Wednesday, July 18, 2007

Aviation

AviationThe Aviation is a slightly enigmatic cocktail. You may have heard of it, you may even have had a chance to try it, but it is also a cocktail that very few bartenders know of, and fewer still are prepared to make. The time was, not so long ago, that this drink would be next to impossible to find in any bar, one reason for that was that the principle ingredient needed to make it, "Maraschino Liqueur" (pronounced "mar-uh-SKEE-noh", which is probably not what you were expecting) was all but unheard of. Once it was extremely common, but over the years its availability waned, and in many markets across the country it was impossible to find.

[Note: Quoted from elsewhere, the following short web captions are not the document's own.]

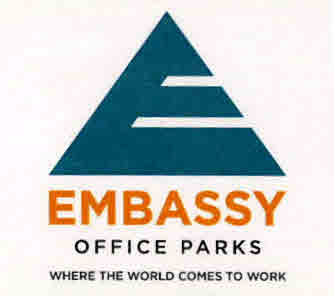 Embassy Office Parks Device mark 3097117 Trademark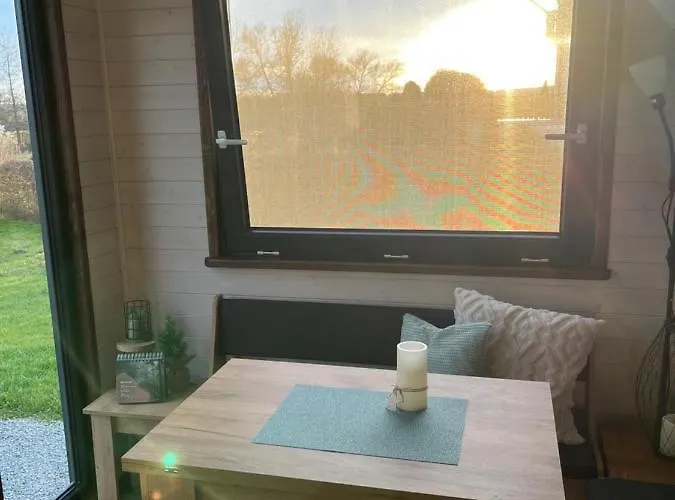 Lejlighed Tinyhaus Mit Sauna -reset Im Vilstal - Zurueck Zum Ursprung Aldersbach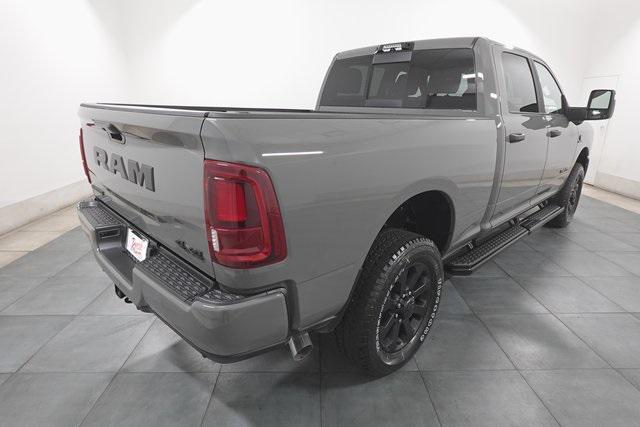 new 2025 Ram 2500 car, priced at $71,778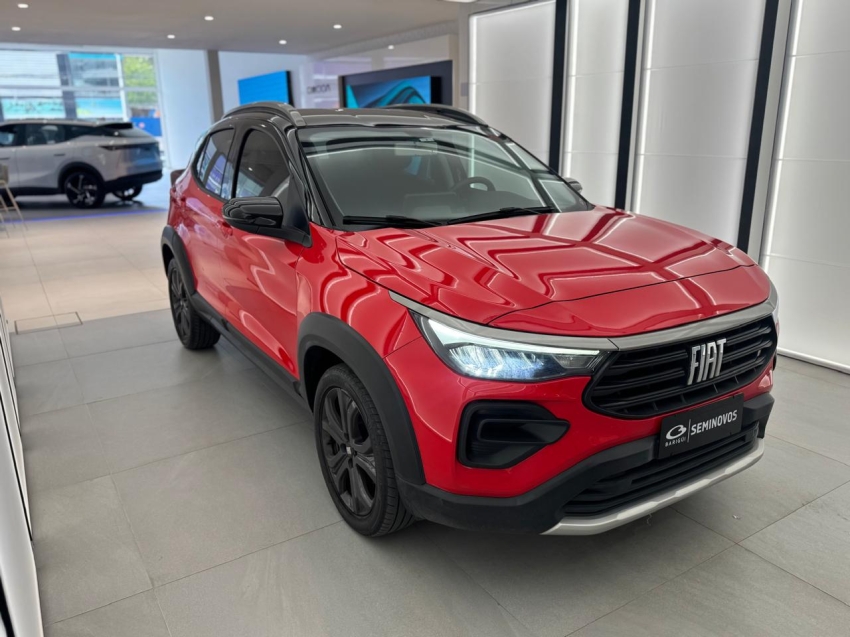 fiat pulse 1.0 flex automatico 20231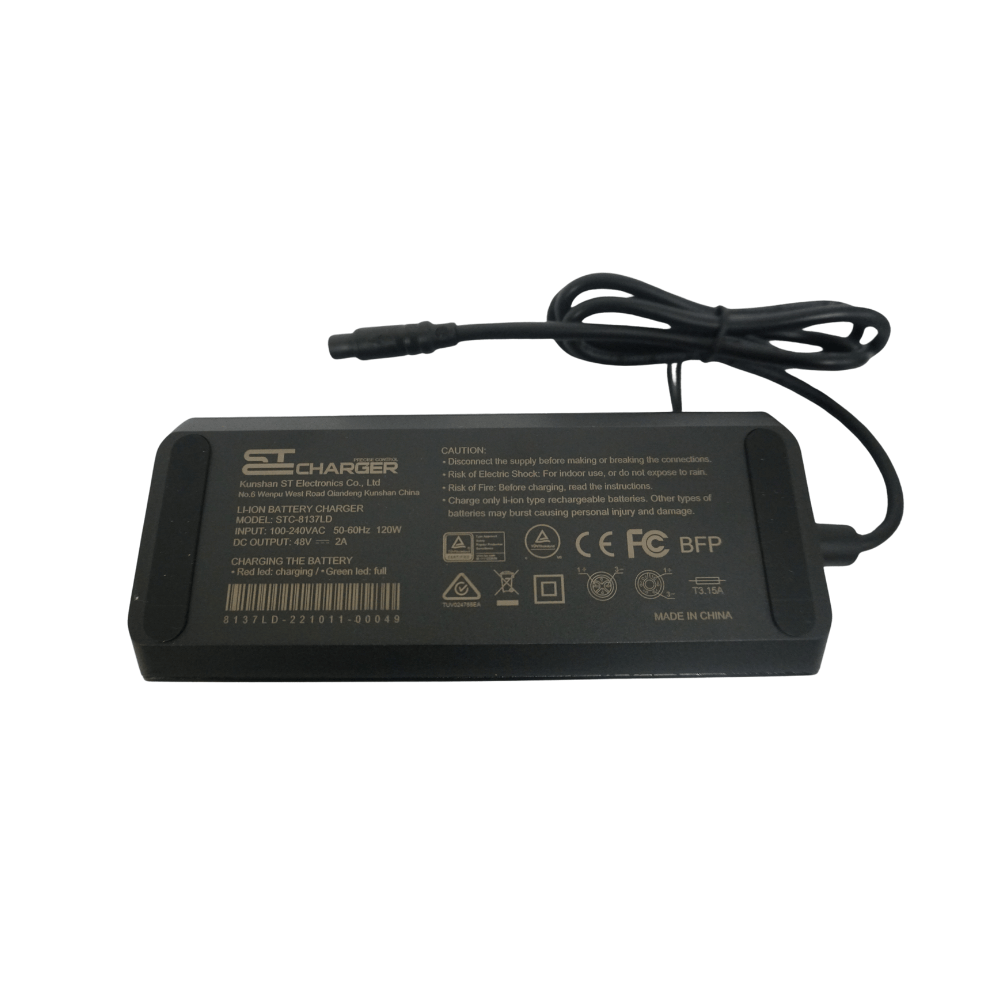 Smartmotion Battery Charger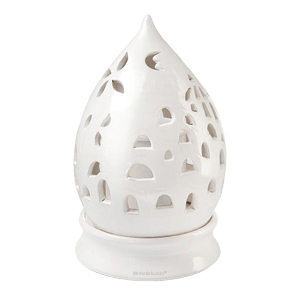 Cielo Ceramic Urn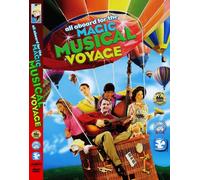 All Aboard for The Magic Musical Voyage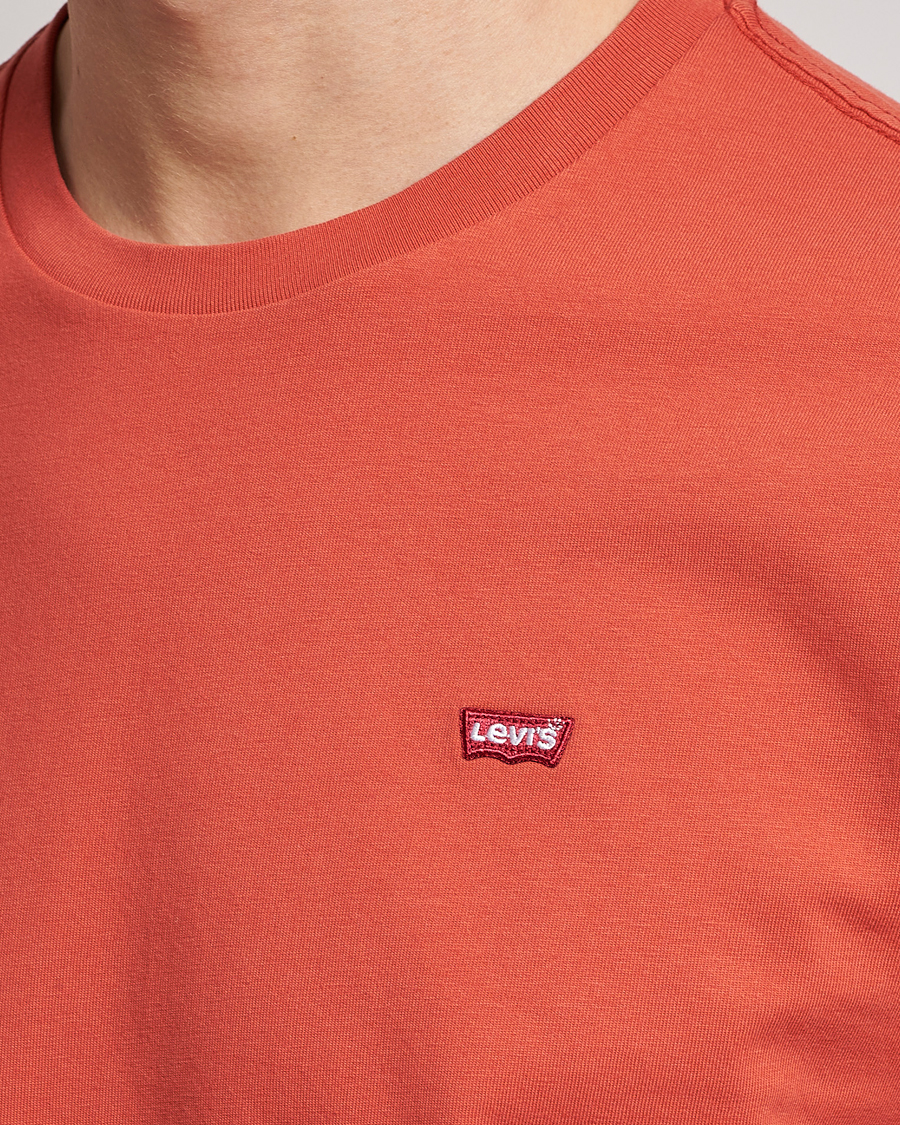 Homme | T-shirts | Levi's | Original T-Shirt Chili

Fortunately, Maraschino liqueur is gaining in popularity, most likely due to the Aviation cocktail. Today, there are at least three different brands that you might find available in your area. Luxardo, Maraksa, and Stock are all distributing Maraschino liqueur. You shouldn't confuse Maraschino with "Maraschino Cherries", since the only thing that they have in common is that there is a cherry in there somewhere. Originally, maraschino cherries were made from wild marasca cherries, which were soaked in eau de vie, while the modern version is a Royal Ann cherry that has been chemically stripped of its flavor and color, and then soaked in an artificially colored, and artificially flavored, sugar syrup. Maraschino liqueur can be sort of seen as a "cherry" version of Cointreau (Triple Sec), although with a level of both dryness and complexity that sets it apart.

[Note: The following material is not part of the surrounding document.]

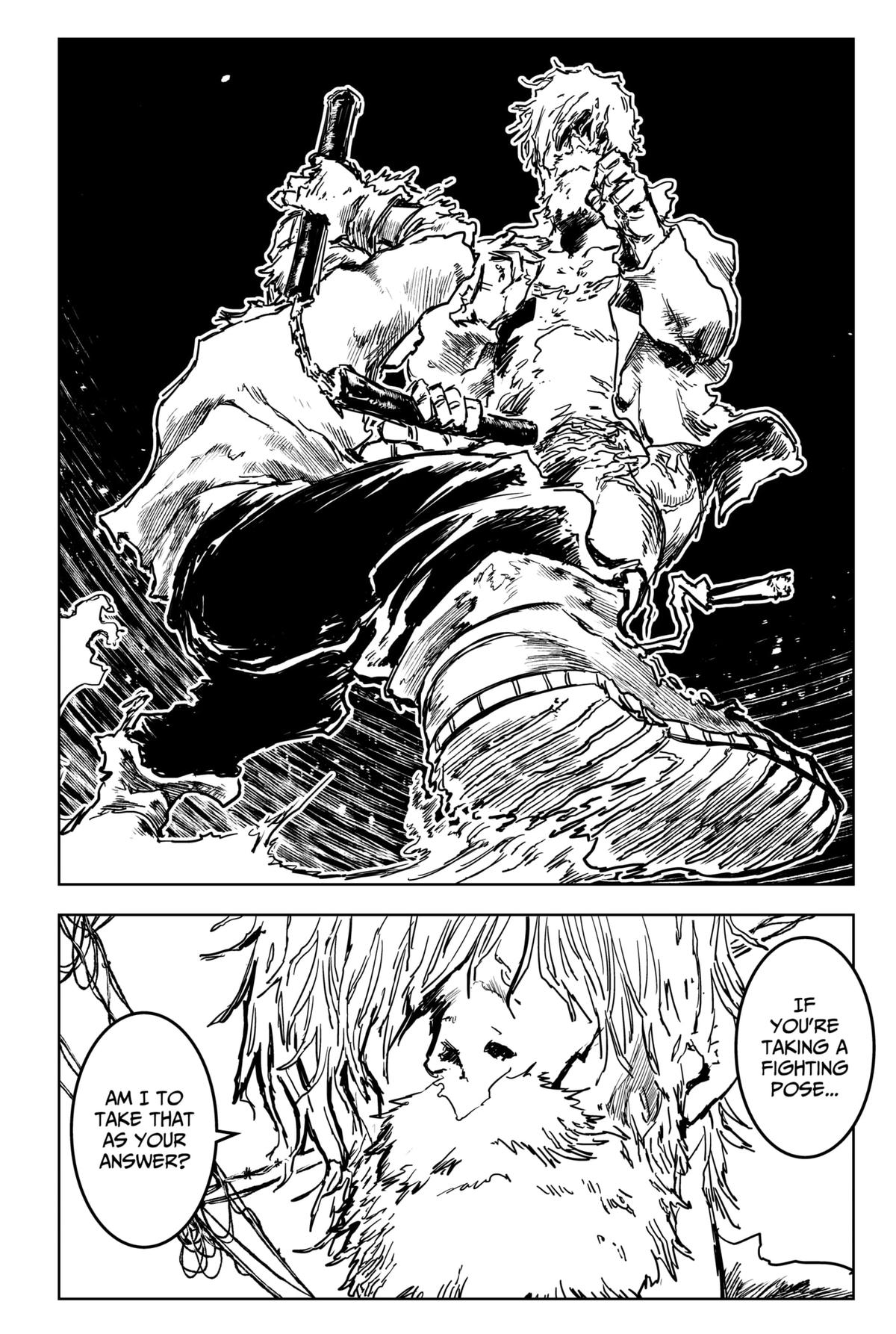 Punk Gun Chap 32 - Next Chap 33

Most of the recipes you will see today for the Aviation spring from "The Savoy Cocktail Book", published in 1930 by Harry Craddock of the Savoy Hotel in London. He however most likely got the recipe himself from "Recipes for Mixed Drinks", which is the first time we find this recipe in print. This book was published in 1916 by Hugo Ensslin, head bartender at the Hotel Wallick in New York's Time Square. Unfortunately, the Savoy leaves one ingredient out of their recipe, and so have all recipe books that follow, and the ingredient is most likely the one that inspired the name. That ingredient is creme de violette, its deep lavender blue color gives this drink a slightly sky-blue shade, hence the name "Aviation". Unfortunately, creme de violette is an extremely difficult product to find, with no US distribution that I know of for the real thing, essentially a similar situation that we had with Maraschino liqueur not that long ago. Monin syrups does produce a Monin Violet, which works quite well, but it's a shame that Monin also makes a creme de violette which they just don't distribute here in America. I brought a bottle back with me on a recent trip to England, which allows me to make the Aviation the way it was originally intended.

Aviation

  • 2 oz. gin
  • 1/2 oz. lemon juice
  • 1/3 oz. (2 tsp) maraschino liqueur
  • 1/6 oz. (1 tsp) creme de violette

Shake with ice, strain into a cocktail glass. Garnish with a Maraschino cherry.

If you can find true brandy soaked cherries, I always recommend going that route instead of using the modern maraschino cherry. Another option is to buy dried bing cherries, and reconstitute them in brandy.